"Va a ir a peor": la ira mediática que ha despertado el juicio de Amber Heard y Johnny Depp anticipa una era de opiniones cada vez más polarizadas en redes sociales, según los expertos

Amber Heard

REUTERS/Evelyn Hockstein

En sentido estricto, perdieron los dos. En el que, con permiso de O.J Simpson, ha sido el juicio más mediático de la era moderna, la actriz Amber Heard y el actor Johnny Depp fueron condenados por el estado de Virginia, en EEUU, por difamación

Es verdad que ella salió mucho peor parada que él. Heard deberá hacer frente al pago de cerca de 10 millones de euros, a los que habría que sumar otros 5 millones por daños punitivos, pero en Virginia el tope de multa por este delito se queda en 350.000 dólares.
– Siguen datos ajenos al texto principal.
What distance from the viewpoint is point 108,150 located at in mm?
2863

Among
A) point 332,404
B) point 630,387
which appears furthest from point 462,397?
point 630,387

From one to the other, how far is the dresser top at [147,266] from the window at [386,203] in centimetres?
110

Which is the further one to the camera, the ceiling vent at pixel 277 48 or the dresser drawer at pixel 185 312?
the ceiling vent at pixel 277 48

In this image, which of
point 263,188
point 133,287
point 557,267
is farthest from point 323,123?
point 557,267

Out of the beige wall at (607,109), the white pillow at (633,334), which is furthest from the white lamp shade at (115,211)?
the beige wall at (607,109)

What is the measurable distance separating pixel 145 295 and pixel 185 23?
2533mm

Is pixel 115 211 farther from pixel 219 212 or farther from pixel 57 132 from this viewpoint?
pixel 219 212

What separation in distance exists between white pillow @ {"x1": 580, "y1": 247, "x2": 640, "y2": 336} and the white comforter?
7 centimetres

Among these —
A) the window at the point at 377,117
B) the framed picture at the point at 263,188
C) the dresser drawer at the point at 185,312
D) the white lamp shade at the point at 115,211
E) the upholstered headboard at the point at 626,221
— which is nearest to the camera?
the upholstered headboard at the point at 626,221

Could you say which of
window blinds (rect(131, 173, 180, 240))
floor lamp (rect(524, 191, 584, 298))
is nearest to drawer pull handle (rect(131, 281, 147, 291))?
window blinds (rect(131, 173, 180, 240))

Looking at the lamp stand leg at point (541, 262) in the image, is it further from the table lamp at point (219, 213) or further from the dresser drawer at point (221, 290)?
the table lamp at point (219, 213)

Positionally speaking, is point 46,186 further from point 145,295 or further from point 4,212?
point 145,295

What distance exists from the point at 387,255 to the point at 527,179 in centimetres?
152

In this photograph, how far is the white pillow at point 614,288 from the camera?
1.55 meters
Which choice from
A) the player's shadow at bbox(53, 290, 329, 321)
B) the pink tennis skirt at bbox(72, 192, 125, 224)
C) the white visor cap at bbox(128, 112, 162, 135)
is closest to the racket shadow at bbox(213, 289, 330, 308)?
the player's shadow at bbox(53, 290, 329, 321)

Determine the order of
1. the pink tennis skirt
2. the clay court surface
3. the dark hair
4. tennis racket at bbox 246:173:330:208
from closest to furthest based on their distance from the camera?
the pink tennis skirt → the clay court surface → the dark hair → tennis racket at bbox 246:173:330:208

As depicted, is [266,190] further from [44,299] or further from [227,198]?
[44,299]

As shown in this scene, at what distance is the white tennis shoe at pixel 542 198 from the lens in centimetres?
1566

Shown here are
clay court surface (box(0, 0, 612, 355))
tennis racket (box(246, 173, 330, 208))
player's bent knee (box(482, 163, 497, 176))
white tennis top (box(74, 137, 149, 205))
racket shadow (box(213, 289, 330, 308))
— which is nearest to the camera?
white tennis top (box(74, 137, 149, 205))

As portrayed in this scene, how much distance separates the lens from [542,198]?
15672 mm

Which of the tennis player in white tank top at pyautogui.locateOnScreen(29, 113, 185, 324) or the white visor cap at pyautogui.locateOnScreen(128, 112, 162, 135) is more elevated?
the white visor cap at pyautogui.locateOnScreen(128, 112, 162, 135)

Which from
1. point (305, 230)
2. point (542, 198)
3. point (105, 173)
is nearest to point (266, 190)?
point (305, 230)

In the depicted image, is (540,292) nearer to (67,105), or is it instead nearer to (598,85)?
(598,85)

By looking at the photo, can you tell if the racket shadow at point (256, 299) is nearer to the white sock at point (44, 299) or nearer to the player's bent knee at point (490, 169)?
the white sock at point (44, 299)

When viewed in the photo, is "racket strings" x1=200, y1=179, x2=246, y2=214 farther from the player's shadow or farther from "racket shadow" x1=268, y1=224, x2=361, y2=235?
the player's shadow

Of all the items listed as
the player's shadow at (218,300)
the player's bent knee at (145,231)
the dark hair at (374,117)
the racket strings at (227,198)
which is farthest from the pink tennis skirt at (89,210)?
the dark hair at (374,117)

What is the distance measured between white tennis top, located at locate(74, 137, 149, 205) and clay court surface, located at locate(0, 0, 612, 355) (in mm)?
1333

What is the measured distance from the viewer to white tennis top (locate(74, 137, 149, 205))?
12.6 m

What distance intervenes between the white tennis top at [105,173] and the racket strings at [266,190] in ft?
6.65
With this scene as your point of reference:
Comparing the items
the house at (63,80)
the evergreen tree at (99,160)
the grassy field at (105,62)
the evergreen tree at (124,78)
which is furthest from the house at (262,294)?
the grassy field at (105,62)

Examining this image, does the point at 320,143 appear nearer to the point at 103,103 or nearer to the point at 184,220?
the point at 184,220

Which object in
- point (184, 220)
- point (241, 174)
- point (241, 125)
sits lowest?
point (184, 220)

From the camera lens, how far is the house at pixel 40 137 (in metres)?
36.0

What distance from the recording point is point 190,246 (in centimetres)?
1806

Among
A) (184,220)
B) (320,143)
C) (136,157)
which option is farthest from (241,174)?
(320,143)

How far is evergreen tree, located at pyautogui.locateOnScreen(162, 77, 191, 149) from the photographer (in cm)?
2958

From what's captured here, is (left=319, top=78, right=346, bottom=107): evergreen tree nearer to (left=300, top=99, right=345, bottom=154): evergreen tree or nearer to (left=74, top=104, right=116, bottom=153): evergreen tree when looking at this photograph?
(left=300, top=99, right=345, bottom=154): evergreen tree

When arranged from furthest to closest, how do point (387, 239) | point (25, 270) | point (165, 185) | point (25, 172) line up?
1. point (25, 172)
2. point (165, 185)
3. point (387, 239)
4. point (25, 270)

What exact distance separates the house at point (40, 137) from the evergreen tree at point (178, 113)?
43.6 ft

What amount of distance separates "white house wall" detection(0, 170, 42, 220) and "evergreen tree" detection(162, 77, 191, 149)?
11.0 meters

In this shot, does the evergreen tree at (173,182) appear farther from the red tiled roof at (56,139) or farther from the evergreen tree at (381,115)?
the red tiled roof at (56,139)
Depp, en cambio, sale de todo el lío debiendo tan solo a su exesposa algo menos de 2 millones de euros al cambio actual. 

Calderilla para un hombre que, según el portal Celebrity Net Worth, posee una fortuna valorada en 150 millones de dólares y negoció su salario en la última película de Piratas del Caribe, para la que Disney finalmente decidió prescindir del capitán Jack Sparrow, en unos 20 millones de dólares.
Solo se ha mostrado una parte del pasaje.